GORE VIDAL: THE UNITED STATES OF AMNESIA (Nicholas D. Wrathall). 83 minutes. Opens Friday (February 7). For venues and times, see Movies. Rating: NNNN


Nicholas D. Wrathall’s documentary Gore Vidal: The United States Of Amnesia weaves extensive footage of the author and gadfly – who died in 2012 – discussing American political and cultural policy (and his own illustrious personal life) with admiring testimonials from celebrated writers and thinkers who knew him over the decades, including Tim Robbins and Sting.

Everyone has very nice things to say, but the real star is Vidal himself – a man born to privilege who understood the contradictions of his queer liberal perspective and reinvented himself as an outspoken critic of conservatism and religious oppression, a game and witty debater and a subversive author and screenwriter.

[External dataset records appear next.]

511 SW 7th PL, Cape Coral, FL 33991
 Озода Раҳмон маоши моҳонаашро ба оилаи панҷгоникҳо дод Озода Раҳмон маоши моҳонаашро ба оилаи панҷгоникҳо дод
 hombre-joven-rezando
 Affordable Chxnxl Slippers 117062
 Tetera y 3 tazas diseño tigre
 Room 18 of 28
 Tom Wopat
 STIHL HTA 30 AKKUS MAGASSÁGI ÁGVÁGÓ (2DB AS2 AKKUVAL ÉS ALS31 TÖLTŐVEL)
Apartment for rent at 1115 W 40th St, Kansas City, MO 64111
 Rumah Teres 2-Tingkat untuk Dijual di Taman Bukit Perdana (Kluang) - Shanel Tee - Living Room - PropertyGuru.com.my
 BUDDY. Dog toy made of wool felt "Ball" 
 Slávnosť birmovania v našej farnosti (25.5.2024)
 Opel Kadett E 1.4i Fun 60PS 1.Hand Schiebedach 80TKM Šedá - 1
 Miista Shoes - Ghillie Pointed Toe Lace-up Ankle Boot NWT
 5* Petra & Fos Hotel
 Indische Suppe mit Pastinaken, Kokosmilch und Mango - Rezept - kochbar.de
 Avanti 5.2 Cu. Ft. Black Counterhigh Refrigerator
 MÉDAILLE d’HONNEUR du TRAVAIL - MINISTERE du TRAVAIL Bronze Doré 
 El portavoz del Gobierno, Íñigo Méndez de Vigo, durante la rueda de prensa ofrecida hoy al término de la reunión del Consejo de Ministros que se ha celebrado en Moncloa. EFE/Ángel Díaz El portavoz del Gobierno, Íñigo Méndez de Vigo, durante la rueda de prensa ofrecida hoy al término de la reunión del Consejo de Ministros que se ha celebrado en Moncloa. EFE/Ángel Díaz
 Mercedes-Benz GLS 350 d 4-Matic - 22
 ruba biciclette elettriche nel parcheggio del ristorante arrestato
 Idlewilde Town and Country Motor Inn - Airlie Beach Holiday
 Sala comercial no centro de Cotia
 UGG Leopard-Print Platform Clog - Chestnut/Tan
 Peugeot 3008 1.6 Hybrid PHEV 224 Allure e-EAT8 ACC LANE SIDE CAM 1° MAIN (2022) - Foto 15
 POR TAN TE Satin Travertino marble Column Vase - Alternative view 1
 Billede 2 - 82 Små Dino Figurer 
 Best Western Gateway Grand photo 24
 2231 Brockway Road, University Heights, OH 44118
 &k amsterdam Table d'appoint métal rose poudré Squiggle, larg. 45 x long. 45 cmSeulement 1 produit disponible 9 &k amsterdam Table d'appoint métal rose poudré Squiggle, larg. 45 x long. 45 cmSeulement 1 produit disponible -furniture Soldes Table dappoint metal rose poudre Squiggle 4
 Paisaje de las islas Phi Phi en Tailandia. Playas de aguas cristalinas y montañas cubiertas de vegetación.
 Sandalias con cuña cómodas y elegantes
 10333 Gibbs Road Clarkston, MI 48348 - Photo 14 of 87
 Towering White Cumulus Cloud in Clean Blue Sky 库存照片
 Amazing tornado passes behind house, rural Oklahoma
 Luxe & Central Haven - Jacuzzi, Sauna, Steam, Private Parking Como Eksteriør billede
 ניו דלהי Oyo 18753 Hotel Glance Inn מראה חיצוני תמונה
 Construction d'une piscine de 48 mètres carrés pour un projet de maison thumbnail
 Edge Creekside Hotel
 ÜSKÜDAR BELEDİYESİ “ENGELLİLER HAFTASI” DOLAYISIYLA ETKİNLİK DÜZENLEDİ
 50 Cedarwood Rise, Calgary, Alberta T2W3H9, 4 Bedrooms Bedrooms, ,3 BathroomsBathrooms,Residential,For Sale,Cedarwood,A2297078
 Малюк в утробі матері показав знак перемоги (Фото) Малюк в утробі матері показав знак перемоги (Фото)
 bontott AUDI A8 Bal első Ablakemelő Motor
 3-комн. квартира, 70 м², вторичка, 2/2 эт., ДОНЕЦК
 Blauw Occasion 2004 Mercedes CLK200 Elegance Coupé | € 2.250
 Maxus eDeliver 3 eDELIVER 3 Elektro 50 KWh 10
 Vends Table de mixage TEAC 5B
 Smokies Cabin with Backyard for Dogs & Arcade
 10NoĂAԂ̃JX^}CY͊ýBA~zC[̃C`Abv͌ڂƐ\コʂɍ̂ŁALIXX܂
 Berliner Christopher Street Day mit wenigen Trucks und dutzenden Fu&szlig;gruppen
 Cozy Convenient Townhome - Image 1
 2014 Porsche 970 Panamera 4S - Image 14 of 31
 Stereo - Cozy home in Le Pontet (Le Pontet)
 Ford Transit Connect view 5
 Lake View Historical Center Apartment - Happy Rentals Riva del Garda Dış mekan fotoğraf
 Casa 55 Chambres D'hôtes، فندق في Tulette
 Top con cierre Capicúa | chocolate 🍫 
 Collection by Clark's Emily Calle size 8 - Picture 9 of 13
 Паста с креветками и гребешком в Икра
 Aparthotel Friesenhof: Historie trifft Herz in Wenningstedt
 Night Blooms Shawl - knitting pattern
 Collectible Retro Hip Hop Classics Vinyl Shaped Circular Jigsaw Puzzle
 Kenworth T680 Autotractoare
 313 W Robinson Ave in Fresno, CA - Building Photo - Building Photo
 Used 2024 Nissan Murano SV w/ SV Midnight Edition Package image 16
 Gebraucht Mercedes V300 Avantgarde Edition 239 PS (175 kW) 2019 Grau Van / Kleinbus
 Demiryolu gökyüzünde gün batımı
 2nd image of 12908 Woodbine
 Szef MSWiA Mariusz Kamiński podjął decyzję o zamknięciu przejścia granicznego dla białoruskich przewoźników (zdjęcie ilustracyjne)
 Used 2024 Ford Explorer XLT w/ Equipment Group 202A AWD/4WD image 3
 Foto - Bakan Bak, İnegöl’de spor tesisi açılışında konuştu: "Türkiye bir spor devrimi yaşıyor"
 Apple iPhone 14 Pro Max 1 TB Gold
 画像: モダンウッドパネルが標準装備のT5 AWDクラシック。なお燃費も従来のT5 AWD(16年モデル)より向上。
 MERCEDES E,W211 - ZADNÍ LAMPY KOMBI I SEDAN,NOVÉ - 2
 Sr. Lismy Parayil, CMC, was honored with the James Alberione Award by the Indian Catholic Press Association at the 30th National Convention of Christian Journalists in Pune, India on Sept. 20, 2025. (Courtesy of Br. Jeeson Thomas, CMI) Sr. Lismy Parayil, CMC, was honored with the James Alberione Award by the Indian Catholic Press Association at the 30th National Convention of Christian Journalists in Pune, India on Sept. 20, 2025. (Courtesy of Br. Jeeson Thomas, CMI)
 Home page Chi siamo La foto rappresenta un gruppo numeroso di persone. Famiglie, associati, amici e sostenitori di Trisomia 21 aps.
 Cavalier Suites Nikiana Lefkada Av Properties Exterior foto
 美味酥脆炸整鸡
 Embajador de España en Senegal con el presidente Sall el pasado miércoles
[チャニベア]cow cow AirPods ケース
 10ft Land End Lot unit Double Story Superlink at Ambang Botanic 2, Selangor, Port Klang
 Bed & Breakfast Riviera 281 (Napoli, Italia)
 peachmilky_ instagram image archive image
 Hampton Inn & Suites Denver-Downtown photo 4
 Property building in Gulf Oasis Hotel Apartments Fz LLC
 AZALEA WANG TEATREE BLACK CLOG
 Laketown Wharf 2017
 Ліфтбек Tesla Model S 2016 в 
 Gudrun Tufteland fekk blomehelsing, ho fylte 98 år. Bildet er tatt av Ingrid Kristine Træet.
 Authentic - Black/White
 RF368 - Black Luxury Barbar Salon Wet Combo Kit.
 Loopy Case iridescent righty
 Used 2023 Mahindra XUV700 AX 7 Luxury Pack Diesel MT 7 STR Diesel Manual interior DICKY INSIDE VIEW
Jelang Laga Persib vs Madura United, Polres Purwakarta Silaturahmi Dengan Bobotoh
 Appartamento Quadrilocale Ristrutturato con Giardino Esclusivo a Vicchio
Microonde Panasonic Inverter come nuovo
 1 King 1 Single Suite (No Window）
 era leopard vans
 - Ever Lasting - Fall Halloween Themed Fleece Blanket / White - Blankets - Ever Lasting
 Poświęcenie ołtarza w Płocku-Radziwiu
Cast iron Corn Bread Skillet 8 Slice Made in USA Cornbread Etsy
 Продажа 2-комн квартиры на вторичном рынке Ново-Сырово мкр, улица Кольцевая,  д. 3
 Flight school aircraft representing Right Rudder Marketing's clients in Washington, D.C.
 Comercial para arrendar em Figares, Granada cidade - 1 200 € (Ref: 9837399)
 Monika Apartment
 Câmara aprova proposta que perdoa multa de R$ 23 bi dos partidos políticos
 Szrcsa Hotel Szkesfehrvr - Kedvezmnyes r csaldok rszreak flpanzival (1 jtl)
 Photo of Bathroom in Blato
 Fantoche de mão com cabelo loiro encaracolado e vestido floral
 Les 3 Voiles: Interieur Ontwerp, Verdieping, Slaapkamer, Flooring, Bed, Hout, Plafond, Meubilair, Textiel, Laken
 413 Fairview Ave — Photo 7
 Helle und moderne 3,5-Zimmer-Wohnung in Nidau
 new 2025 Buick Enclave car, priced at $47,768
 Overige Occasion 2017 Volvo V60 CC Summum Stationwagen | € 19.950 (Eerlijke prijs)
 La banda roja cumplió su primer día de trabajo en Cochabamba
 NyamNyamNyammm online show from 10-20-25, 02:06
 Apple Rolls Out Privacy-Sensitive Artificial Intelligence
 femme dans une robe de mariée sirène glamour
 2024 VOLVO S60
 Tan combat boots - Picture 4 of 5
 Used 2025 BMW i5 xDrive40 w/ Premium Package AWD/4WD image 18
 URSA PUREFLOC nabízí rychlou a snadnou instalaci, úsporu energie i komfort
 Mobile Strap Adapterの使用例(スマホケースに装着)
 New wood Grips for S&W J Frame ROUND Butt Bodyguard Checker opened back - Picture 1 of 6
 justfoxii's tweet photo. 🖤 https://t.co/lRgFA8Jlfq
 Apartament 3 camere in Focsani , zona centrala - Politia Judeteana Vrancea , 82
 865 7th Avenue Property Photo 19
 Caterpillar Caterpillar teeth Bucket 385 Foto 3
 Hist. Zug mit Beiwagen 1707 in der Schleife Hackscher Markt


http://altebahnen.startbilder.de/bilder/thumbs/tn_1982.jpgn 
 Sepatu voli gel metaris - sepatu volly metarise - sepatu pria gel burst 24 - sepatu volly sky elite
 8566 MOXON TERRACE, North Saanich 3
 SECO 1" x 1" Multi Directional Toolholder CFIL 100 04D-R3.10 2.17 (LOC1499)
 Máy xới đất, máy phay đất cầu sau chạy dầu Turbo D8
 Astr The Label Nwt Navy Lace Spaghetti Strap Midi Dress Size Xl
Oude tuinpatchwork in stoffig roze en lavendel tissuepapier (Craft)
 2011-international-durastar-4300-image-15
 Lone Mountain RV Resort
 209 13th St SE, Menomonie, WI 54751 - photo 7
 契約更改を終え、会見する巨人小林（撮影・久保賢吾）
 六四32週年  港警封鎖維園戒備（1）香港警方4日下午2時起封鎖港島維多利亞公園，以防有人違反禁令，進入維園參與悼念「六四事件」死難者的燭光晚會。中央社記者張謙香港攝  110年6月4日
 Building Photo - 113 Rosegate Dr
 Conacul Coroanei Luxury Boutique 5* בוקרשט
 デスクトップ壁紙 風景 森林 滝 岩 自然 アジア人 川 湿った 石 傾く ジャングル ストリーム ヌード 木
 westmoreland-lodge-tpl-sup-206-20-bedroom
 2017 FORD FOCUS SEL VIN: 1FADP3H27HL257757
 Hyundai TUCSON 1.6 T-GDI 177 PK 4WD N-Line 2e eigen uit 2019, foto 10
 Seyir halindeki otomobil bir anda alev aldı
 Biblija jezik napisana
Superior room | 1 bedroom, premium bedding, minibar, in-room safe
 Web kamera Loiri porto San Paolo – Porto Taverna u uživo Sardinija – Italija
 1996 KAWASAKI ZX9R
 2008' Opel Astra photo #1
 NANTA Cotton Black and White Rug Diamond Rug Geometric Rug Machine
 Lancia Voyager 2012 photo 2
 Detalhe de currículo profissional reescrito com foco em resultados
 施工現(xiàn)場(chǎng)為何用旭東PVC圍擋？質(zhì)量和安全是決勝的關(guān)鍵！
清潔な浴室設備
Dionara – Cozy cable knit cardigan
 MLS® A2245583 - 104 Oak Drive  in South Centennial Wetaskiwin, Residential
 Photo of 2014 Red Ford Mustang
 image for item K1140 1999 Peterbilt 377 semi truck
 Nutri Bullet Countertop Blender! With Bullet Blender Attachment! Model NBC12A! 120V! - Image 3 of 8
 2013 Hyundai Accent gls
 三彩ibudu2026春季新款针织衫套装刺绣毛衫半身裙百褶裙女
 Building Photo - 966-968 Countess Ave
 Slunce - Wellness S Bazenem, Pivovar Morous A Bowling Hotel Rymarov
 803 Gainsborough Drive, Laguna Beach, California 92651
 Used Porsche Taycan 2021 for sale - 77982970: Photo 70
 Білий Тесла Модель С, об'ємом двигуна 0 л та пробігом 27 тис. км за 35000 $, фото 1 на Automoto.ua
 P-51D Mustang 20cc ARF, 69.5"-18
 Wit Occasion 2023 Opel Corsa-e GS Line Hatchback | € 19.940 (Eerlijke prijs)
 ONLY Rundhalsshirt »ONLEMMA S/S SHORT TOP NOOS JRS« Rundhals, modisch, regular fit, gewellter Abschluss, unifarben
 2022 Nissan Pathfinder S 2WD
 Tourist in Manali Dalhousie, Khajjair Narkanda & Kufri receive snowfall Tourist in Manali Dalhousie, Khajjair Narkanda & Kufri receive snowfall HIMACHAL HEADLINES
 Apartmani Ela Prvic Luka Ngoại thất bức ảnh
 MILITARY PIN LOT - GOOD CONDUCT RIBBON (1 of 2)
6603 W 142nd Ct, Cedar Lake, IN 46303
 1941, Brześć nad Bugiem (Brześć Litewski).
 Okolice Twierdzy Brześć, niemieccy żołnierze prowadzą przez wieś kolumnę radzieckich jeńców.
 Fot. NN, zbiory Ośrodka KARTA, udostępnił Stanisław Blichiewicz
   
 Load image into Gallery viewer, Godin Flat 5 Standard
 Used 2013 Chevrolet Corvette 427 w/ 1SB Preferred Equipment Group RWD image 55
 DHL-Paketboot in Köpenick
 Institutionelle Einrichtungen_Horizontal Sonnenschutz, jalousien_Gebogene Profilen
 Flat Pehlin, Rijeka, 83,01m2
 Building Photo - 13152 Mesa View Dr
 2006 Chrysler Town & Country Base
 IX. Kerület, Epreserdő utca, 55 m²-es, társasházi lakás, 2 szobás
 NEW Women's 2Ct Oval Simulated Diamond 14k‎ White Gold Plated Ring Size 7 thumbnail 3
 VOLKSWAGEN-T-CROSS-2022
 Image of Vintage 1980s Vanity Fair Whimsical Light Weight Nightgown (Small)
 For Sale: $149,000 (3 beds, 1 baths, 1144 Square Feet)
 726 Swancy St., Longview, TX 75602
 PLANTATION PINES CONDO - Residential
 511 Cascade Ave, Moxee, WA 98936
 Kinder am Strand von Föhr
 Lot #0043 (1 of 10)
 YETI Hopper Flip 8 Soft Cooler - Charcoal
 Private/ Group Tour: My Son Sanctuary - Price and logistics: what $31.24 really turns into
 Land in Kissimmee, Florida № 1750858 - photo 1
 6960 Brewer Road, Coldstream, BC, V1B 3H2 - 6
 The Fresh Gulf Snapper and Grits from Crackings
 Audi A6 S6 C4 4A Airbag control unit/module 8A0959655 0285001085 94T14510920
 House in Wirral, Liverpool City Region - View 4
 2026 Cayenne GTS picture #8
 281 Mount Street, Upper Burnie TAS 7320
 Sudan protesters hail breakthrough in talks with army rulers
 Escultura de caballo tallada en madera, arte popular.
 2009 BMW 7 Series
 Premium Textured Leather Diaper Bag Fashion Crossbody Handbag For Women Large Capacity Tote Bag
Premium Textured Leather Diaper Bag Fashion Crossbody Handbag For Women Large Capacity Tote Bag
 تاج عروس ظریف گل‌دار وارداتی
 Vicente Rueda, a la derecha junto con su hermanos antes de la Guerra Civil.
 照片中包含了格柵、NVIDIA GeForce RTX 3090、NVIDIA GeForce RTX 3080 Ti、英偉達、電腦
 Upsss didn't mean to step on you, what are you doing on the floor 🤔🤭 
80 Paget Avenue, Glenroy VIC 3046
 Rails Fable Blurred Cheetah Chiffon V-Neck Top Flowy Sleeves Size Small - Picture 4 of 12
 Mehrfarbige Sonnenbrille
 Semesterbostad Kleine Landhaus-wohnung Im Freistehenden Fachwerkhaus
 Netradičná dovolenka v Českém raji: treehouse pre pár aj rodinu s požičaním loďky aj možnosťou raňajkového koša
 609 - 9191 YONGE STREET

It’s a bracing history of a life vividly lived, and few documentaries manage the simple visual eloquence of cutting between clips of the young, furious Vidal and the physically faltering but still mentally acute man he became in his later years.

Wrathall doesn’t shy away from the reality of old age, although it’s heartening to see Vidal’s eyes still blaze with righteous fury while old rivals like William F. Buckley Jr. slide into louche parodies of themselves.